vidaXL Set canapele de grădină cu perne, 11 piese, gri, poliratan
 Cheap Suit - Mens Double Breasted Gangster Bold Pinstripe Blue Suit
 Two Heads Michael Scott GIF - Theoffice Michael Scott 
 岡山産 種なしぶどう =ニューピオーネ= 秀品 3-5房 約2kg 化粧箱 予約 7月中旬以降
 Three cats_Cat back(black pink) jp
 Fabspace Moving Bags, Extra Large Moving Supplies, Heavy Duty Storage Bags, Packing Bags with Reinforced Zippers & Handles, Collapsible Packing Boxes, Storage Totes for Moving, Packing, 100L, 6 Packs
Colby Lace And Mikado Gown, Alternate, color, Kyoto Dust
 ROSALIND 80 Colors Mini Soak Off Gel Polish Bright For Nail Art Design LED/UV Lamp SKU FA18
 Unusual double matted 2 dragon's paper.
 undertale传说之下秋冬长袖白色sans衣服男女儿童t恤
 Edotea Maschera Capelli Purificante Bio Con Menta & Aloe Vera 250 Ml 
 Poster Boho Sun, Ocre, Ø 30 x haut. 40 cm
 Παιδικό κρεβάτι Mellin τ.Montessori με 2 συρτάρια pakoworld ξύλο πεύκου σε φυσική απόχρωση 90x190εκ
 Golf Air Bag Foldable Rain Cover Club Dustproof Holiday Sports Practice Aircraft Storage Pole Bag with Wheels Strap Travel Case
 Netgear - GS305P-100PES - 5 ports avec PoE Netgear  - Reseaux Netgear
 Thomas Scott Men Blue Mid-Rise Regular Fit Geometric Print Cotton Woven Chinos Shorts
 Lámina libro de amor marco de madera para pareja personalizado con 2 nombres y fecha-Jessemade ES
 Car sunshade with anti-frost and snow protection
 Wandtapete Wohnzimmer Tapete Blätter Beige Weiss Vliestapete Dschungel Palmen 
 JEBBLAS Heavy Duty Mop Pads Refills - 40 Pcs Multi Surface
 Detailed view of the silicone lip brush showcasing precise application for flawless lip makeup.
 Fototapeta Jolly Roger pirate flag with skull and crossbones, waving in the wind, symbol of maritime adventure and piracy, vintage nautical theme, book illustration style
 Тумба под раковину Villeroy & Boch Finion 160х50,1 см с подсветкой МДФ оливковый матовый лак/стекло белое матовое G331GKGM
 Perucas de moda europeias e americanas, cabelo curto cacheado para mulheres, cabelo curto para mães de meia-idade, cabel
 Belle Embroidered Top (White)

What the task requires: Set down again, word for word, the stretch of records from the line with "JEBBLAS Heavy Duty" to the line with "Detailed view of", both of those lines included.

Your solution:
 JEBBLAS Heavy Duty Mop Pads Refills - 40 Pcs Multi Surface
 Detailed view of the silicone lip brush showcasing precise application for flawless lip makeup.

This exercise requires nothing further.